None of these are absolute. The point is that if you reach for a backend default without saying why, you'll design the wrong system. A senior candidate names the access pattern first, then picks the storage to match it.

The five questions every answer has to survive

Here's the rubric. Whatever you design, the interviewer is silently checking whether it answers these five. Miss one and a "working" design quietly becomes a broken one in production.

  1. Data contracts and schema evolution. What is the shape of the input, who owns it, and what happens the day they change it? A design with no contract is a design that pages you on someone else's deploy.
  2. Idempotency and exactly-once. The source will double-send. The job will retry. Can the same record land twice without corrupting a count or a balance? If reprocessing the same hour twice changes your numbers, you don't have a pipeline, you have a slot machine.
  3. Late and out-of-order data. Events don't arrive in the order they happened. A mobile event from 9:02 shows up at 9:47 because the phone was in a tunnel. How late is too late, and what do you do with the straggler?
  4. Backfills and reprocessing. You will find a bug. You will need to recompute a year of history without taking production down or double-counting. If your design can only run forward, it's already obsolete.
  5. Cost and SLA. How fresh does this need to be, and what does that freshness cost? "Real time" is a price, not a feature. Naming the SLA and the bill is what separates an engineer from a wishlist.
Aha

Backend design optimizes the request you can see. Data design optimizes the replay you can't: the reprocessing job that runs at 3am six months from now, when someone recomputes a quarter of history and needs the numbers to come out identical. Design for that run, not just the happy first one.
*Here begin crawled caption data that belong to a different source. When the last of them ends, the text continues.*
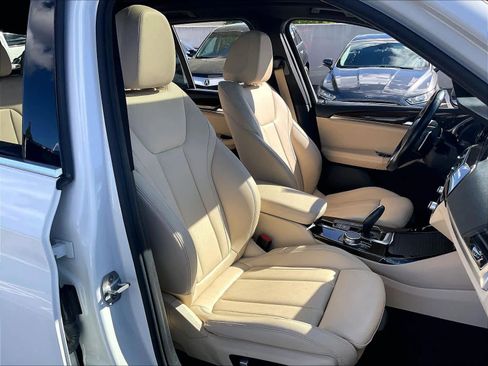 Used 2018 BMW X3 xDrive30i image 9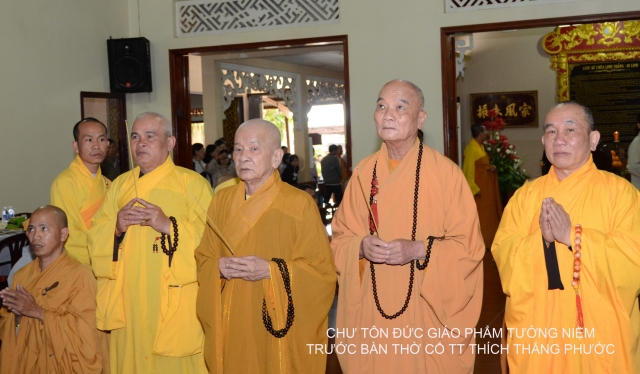 Bộ tượng Tây Phương Tam Thánh bằng gỗ dâu lớn nhất Việt Nam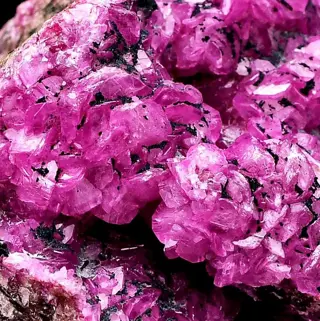Prachtig intens fuchsia Kobalt Dolomiet en groene kolweziet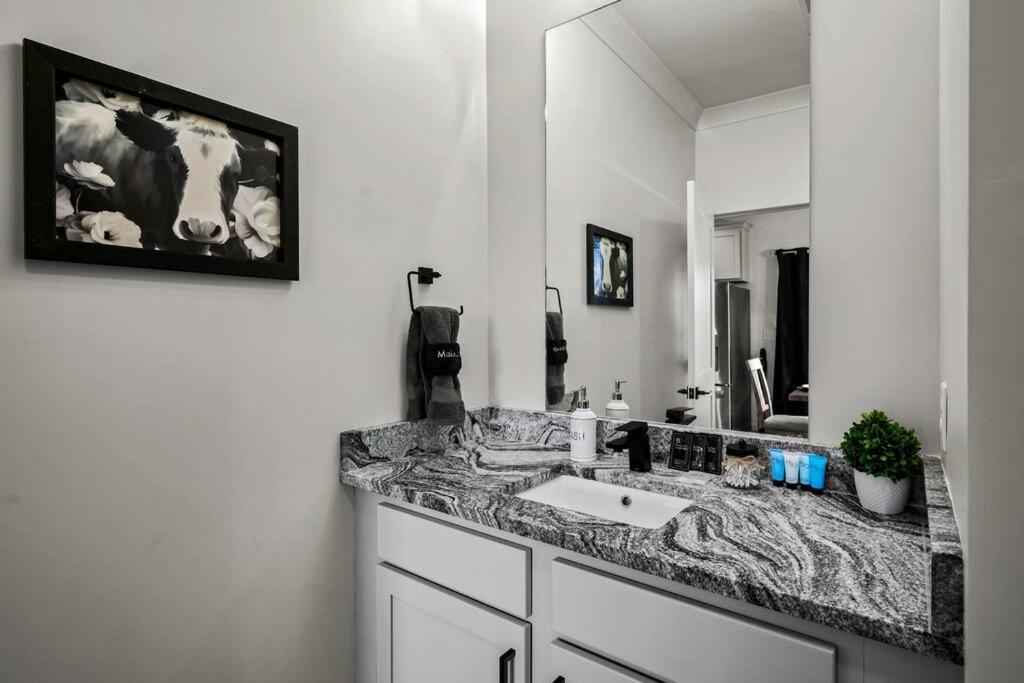 *Dog Friendly*Modern Home-Minutes To Dollywood, Gatlinburg, Smoky Mountains & Pigeon Forge! Buitenkant foto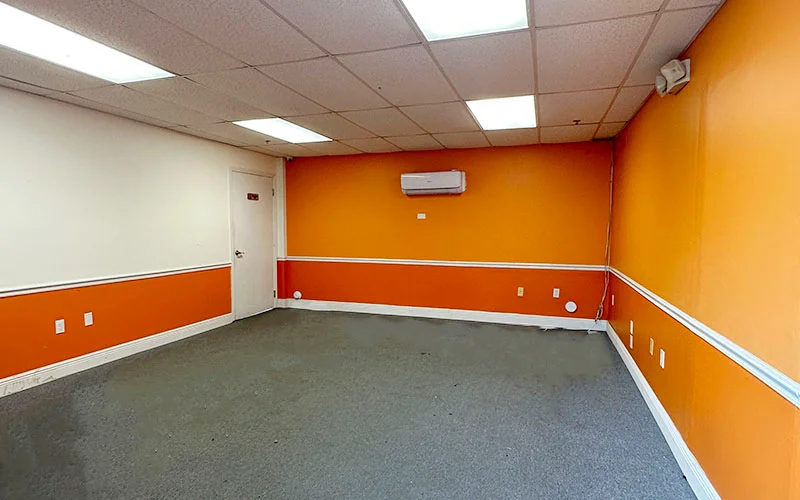 2365 NW 70th Ave # 17 Miami, FL 33122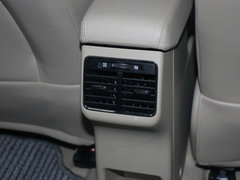 2015款 1.6L 自动 尊享型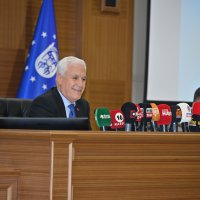 Başkan Bozbey, “Zincir marketlere nüfus kriteri getirmek zorundayız” 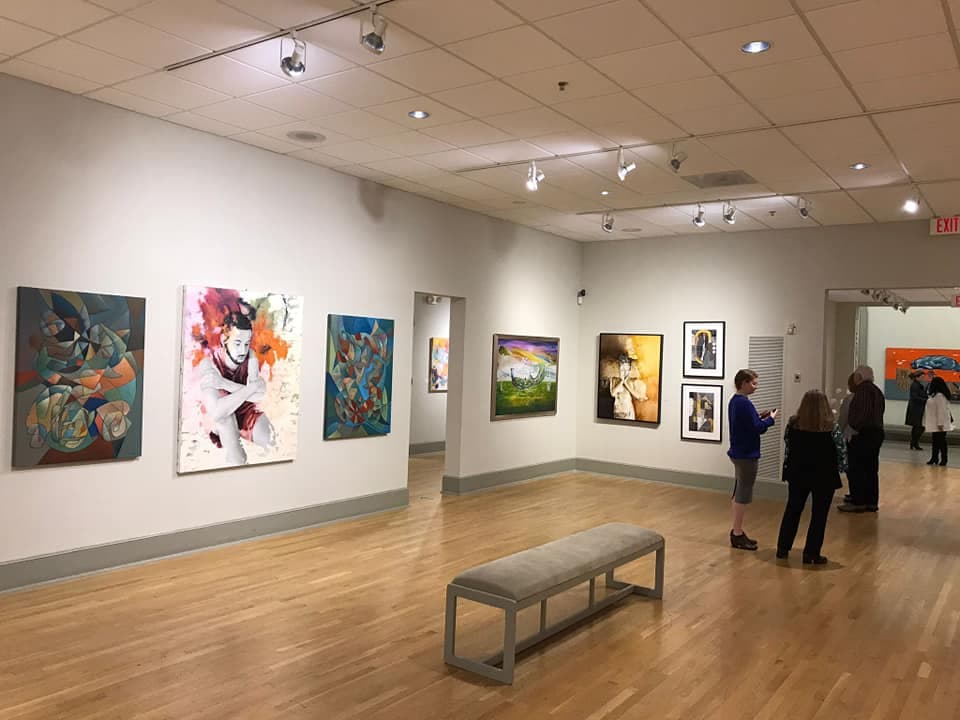 <b>Evento</b>: Contrapunto: Works by a Latino Artist Collective
<br>
<b>Fechas</b>: 16 de febrero al 19 de mayo
<br>
<b>Lugar</b>: Oglethorpe University Museum of Art. 4484 Peachtree Road, N.E. Atlanta, GA
<br>
<b>Sitio web</b>:
<a href="https://www.contrapuntoart.com/">https://www.contrapuntoart.com/</a>
<br>
<br>Contrapunto es un grupo de seis artistas con sede en Atlanta fundado con la misión de aumentar la representación de artistas latinoamericanos contemporáneos en el sureste de Estados Unidos. Estos artistas, que han inmigrado a los Estados Unidos desde cinco países, representan diversos estilos contemporáneos, una amplia gama de expresión y el más alto nivel técnico. Sus obras incluyen paisajes surrealistas, abstracciones, retratos y naturalezas muertas.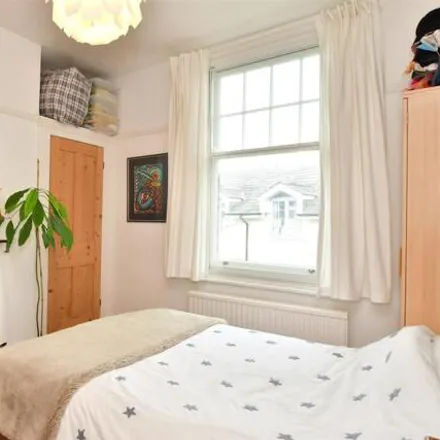 Image 7 - Middle Road, Brighton, BN1 6SR, United Kingdom - Townhouse for sale
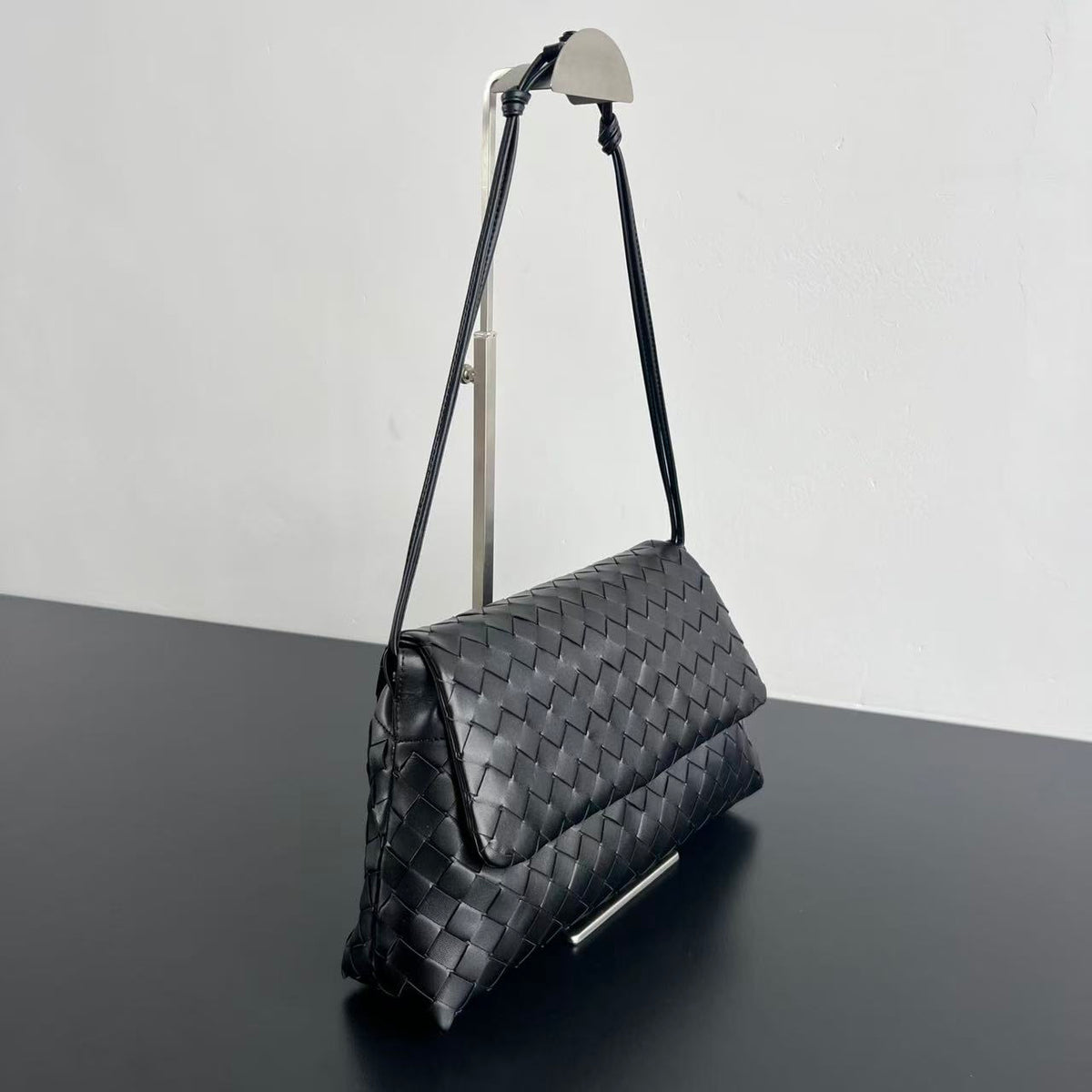 Bottga Veneta 2026 Giorno Bag 33cm Black Leather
The interviewer's hidden scorecard

Two candidates can draw the same boxes. One gets the offer. The difference is almost never the tools. It's the order and the honesty of the reasoning. Strong signals, in roughly the order they earn points:

  • You clarify before you draw. You ask "how fresh, how correct, how big, what's the budget" before naming a single technology. Drawing Kafka in the first thirty seconds is a tell that you're pattern-matching, not designing.
  • You name a delivery guarantee out loud. At-least-once with idempotent writes? Exactly-once with checkpointing? Saying which, and why, signals you've run this in production.
  • You talk about failure modes unprompted. Backpressure, schema drift, data skew, a poison record, a replay. Mid-level candidates design the happy path. Senior candidates design the 3am path.
  • You put a number on it. Even a rough one. "About 50 GB a day raw, call it 10 in Parquet, so streaming the reconciliation is affordable here." Estimation turns hand-waving into engineering.
  • You state the tradeoff you're accepting. Every choice costs something. Saying "I'm taking eventual consistency here, and reconciling in a nightly batch" is worth more than any diagram.
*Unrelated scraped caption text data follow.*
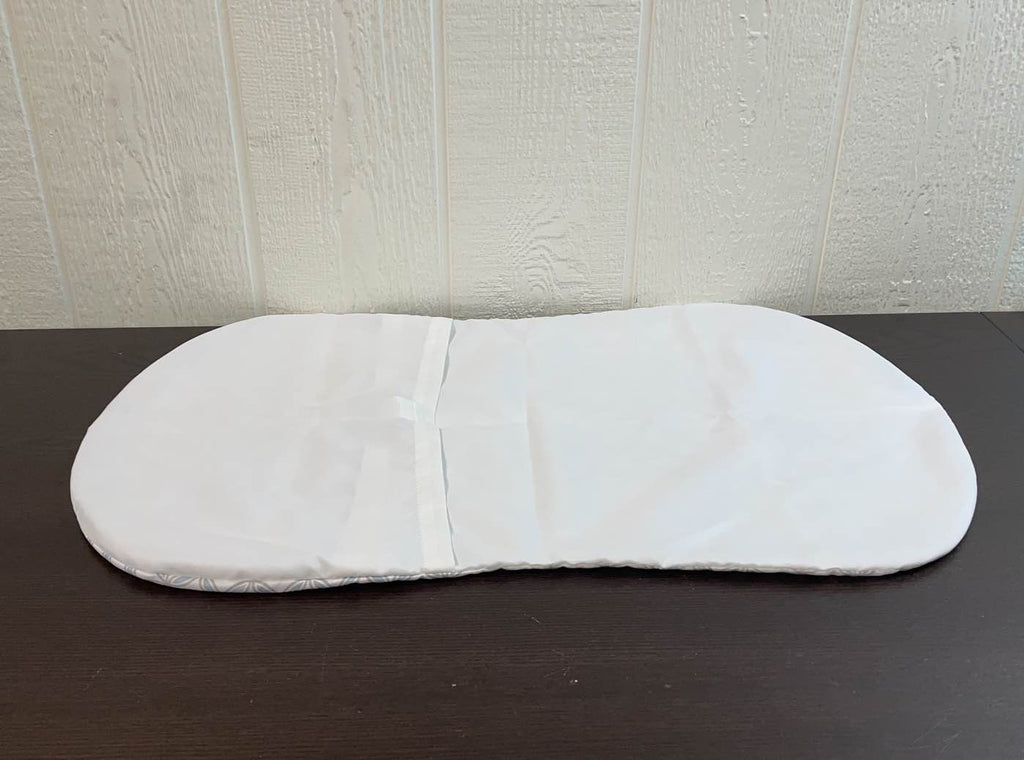 Halo BassiNest Sleeper Fitted Sheet, Blue Grey Geometric Petals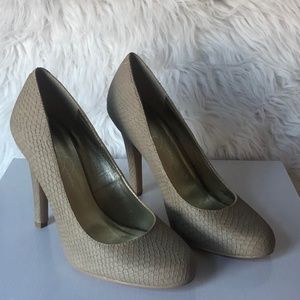 JESSICA SIMPSON Fish Scale Taupe Platform Round Toe Pumps 7M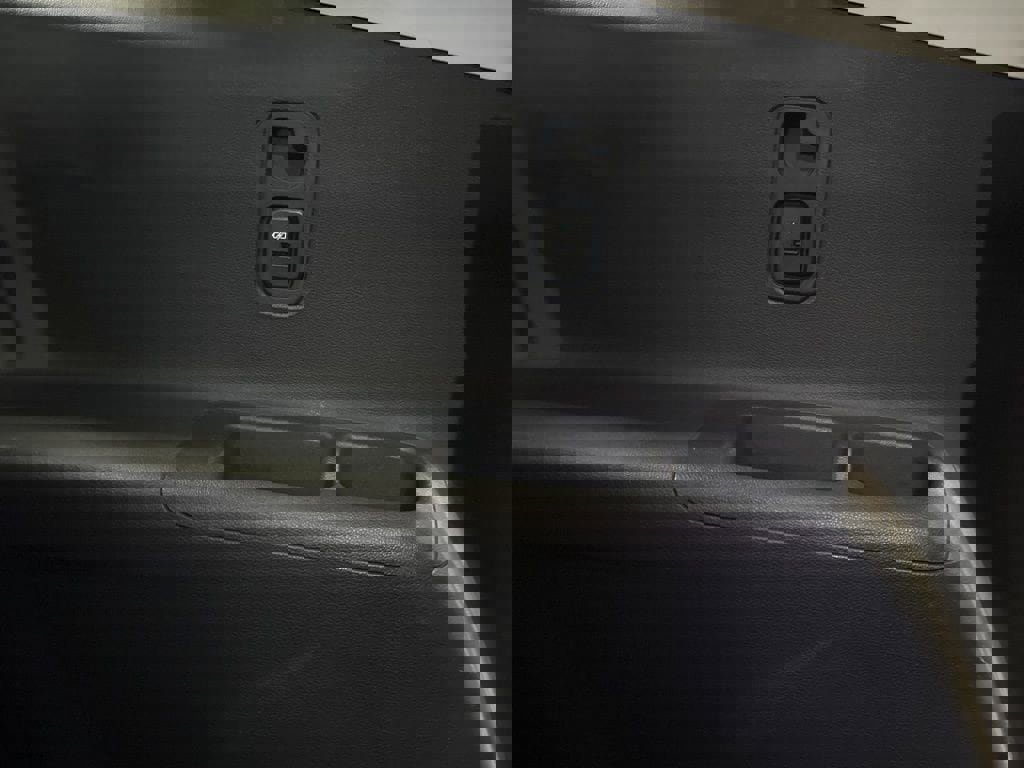 Used 2021 Chevrolet Traverse LS image 23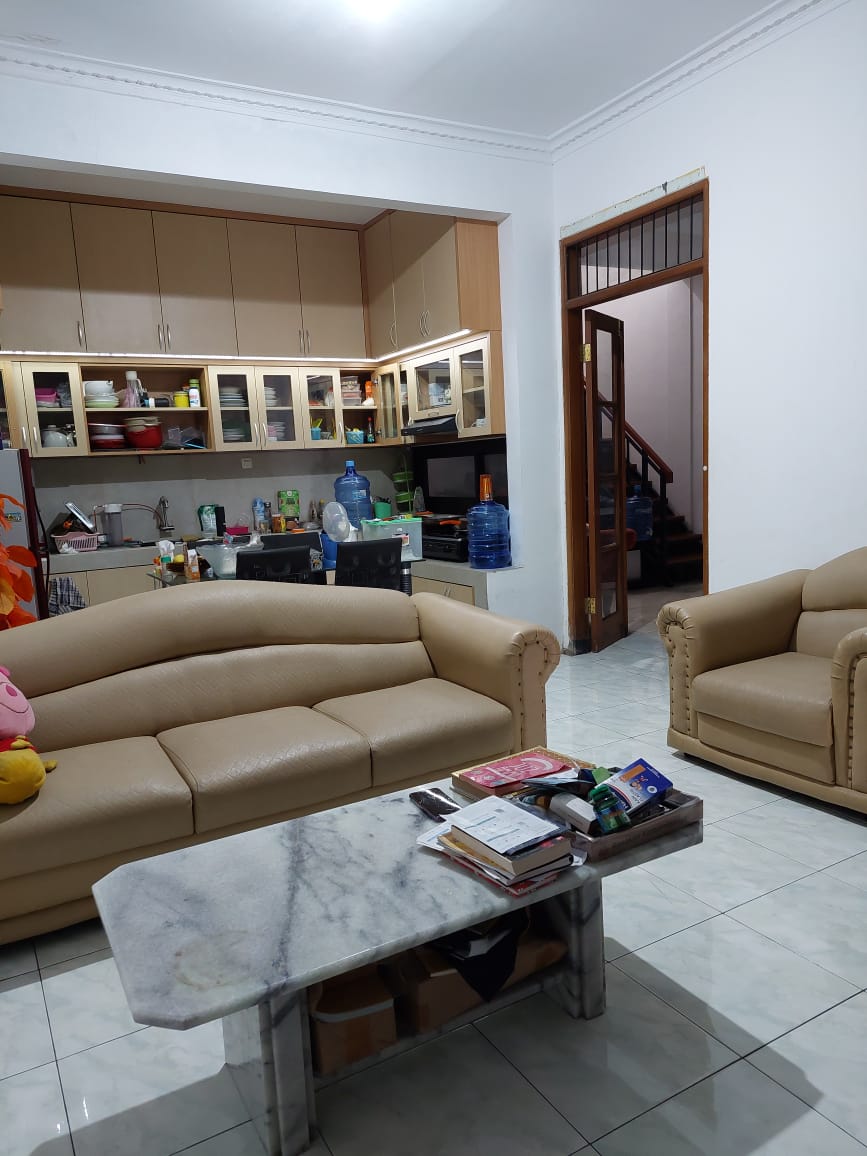 Rumah nyaman terawat strategis di Cluster Antapani Kota Bandung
Notice what's missing: nobody is grading whether you memorized the internals of a specific engine. They're grading whether you reason like someone who's been on call.

How to use this section

The next three lessons give you the toolkit:

  • The Design Framework is the repeatable spine you walk through in every round, so you never freeze on "where do I start".
  • Back-of-the-Envelope for Data is how you put that number on it without a calculator.
  • The Building Blocks is the vocabulary: the dozen primitives you compose into any data system, and what each one costs you.

After that, every problem page is one of these rounds, worked end to end. Most follow our running company PhoenixWorld; a few are set at a real-world system like Uber, Netflix, or Stripe, where the problem is best known by that name. By the time you reach the capstone, you'll have designed an entire data platform one subsystem at a time.

iNote

Heads up on style: across this section, "correct" almost always beats "fast". When a tradeoff is genuinely close, we'll say so. When it isn't, we'll tell you which way to lean and why.